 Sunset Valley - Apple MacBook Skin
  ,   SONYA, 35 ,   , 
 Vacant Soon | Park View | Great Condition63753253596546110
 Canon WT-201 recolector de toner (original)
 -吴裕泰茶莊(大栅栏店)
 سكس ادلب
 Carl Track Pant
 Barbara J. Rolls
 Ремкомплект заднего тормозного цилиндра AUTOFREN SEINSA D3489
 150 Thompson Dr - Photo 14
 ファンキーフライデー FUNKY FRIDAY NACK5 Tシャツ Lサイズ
================================
__ASSIGNED TASK__.
All of the material should be copied verbatim.

__SOLUTION TO THIS PROBLEM__.
 Sunset Valley - Apple MacBook Skin
  ,   SONYA, 35 ,   , 
 Vacant Soon | Park View | Great Condition63753253596546110
 Canon WT-201 recolector de toner (original)
 -吴裕泰茶莊(大栅栏店)
 سكس ادلب
 Carl Track Pant
 Barbara J. Rolls
 Ремкомплект заднего тормозного цилиндра AUTOFREN SEINSA D3489
 150 Thompson Dr - Photo 14
 ファンキーフライデー FUNKY FRIDAY NACK5 Tシャツ Lサイズ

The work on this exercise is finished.